Total loss - 3 stone 12lb :)
 
hey there can completely understand why you feel so upset about your sisiter but agree with every thing tiggs says. is there anybody else that can stand in? you d have to change names on bookins ( and that does cost a bit)but would mean that the money you ve already spent wouldn t be wasted.

you take care of yourself lady
jx
 
I'm ok. Day two again. Just finished my step2 dinner.

Have fun running tomorrow. I'm sure the issue with your sister will sort itself out soon.

Xxx
 
Im really sorry to read about the row with your sister Liz. She's pushing it back on you and getting defensive because it's not something she can fix I reckon. She probably doesnt have the money to offer to pay you back what you're losing either so as they say the best defense is a good offense!!!! It's horrible for you though and I can understand that you're hurt and sad as well as angry.

Me, well the weekend was a disaster but today was a really good day so I think I'm back in the zone! I climbed 50 flights of stairs today for exercise and stuck to plan foodwise.
 
Thanks all.

I'm not actually sure I want another bridesmaid if I can't have my sis and niece. Plus I'm not even syre any of our friends are actually coming yet. People have said they are but no-one has actually booked and it's at the begining of Oct. We have booked so far Keith's mum and dad, his 2 brothers and there familys plus it was my sis but now not :-( We will see. I'm just going to focus on enjoying the day.

Slight gain on the scales for me which is expected as I have come out of ketosis. Hoping for a STS this week and to start losing next week. Out for a run tonight, fingers crossed I am properly out of Ketosis now and won't vomit again lol. Anyone ever looked into juicing? I thinking of replacing one meal a day with it as I've heard the nutrition benefits are really good.

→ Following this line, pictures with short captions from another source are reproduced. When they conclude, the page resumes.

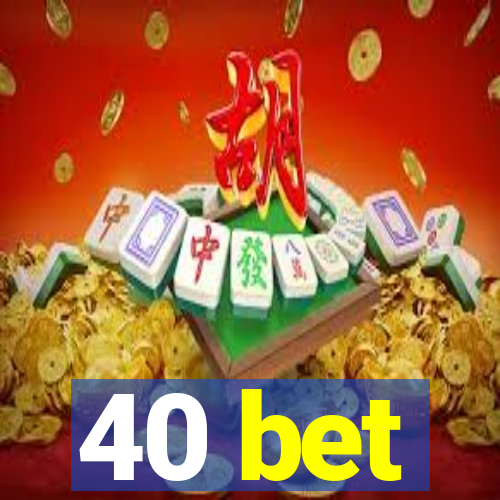 40 bet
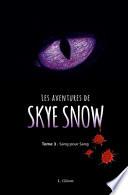 Les Aventures de Skye Snow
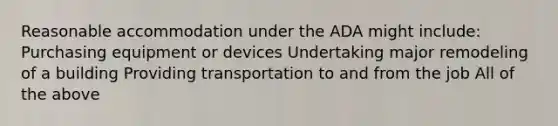 Reasonable accommodation under the ADA might include: Purchasing equipment or devices Undertaking major remodeling of a building Providing transportation to and from the job All of the above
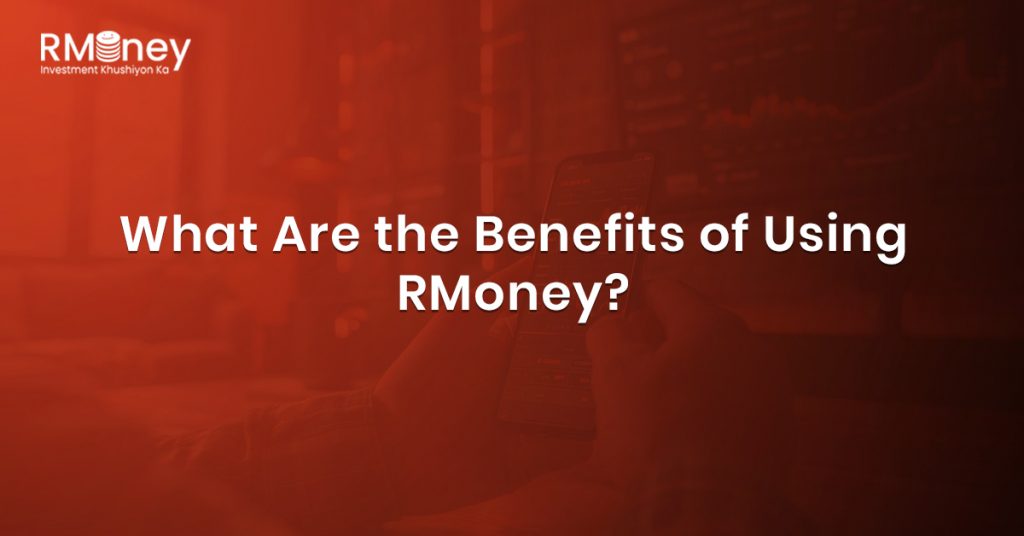 What Are the Benefits of Using RMoney?
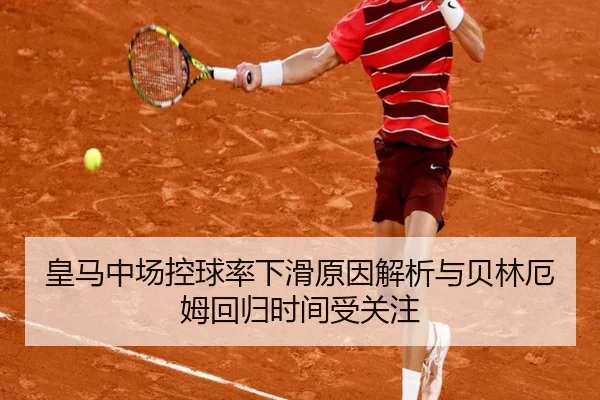 皇马中场控球率下滑原因解析与贝林厄姆回归时间受关注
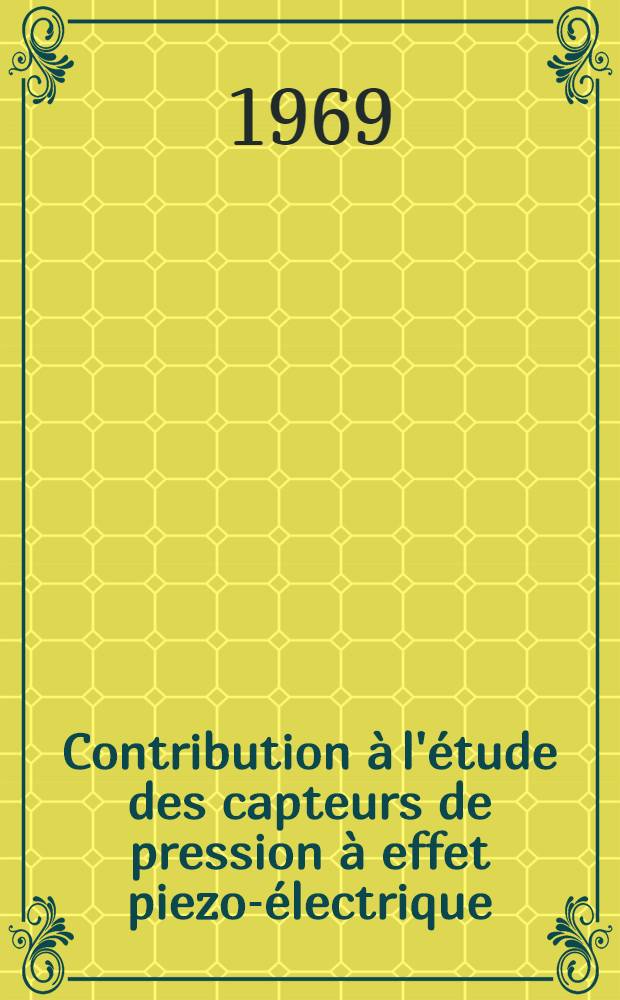 Contribution à l'étude des capteurs de pression à effet piezo-électrique: étalonnage dynamique : Thèse prés. à la Fac. des sciences de l'Univ. de Besançon ..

Hope everyone has a fab skinny day :) xx
 
I intermittent fast. So basically I eat 1,200 cals a day but don't eat anything after 3pm until 8am the following morning and drink tea or water only. I do that Monday to Friday. Re. juicing are you thinking of making smoothies or buying actual products?
 
At a conference today. Fell off the wagon but only a bit so I'm just going to draw a line under it, the cals are still low but there were carbs. I chose the chicken and veg. But there were hidden things in the chicken! Anyway I didn't feel bad enough to cave to dessert so I think that's a small win! Off out for a run in the am. Have to tidy the house tonight but frankly can't be bothered!

Hope you all had better days!

Xxx
 
Its snowing here. All I want is Baileys hot chocolate. Its too slippery to be out and about at the moment.